## Problem
From the records below, set down exactly the lines starting with the line that contains "Press Set to" and going on through the line that contains "Again, in this". Nothing else is wanted.

[Dataset extract Boundary: Start]

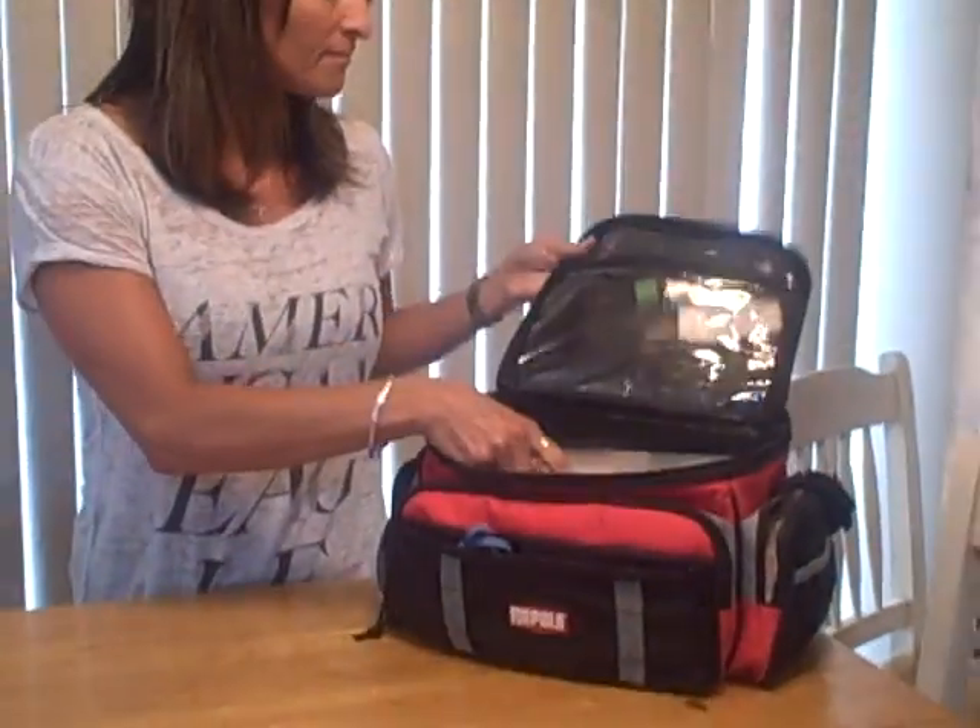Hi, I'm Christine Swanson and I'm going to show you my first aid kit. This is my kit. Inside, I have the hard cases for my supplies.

[Dataset extract Boundary: End]
[Dataset extract Boundary: Start]

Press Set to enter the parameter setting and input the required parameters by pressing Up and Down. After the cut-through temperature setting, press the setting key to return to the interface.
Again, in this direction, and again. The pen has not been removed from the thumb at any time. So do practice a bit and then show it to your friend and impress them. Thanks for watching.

[Dataset extract Boundary: End]
[Dataset extract Boundary: Start]

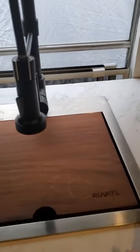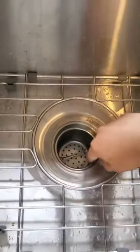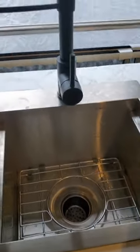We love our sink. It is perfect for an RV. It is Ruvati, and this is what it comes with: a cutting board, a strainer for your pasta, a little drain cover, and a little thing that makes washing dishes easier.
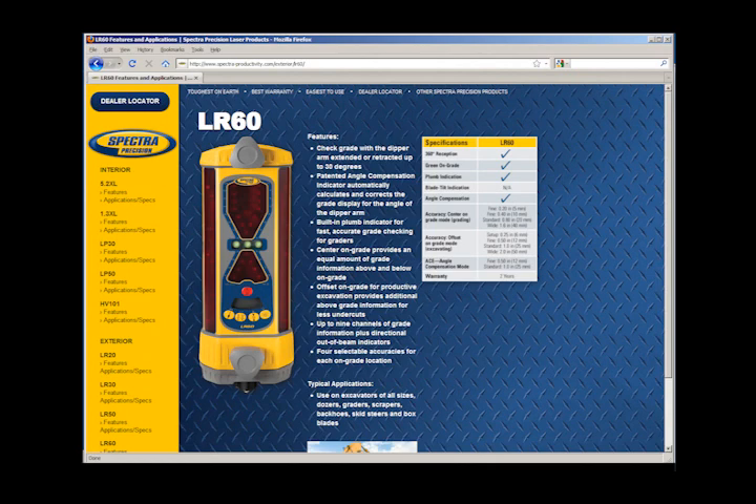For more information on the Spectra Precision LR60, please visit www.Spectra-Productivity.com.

[Dataset extract Boundary: End]

## Output for this exercise
Press Set to enter the parameter setting and input the required parameters by pressing Up and Down. After the cut-through temperature setting, press the setting key to return to the interface.
Again, in this direction, and again. The pen has not been removed from the thumb at any time. So do practice a bit and then show it to your friend and impress them. Thanks for watching.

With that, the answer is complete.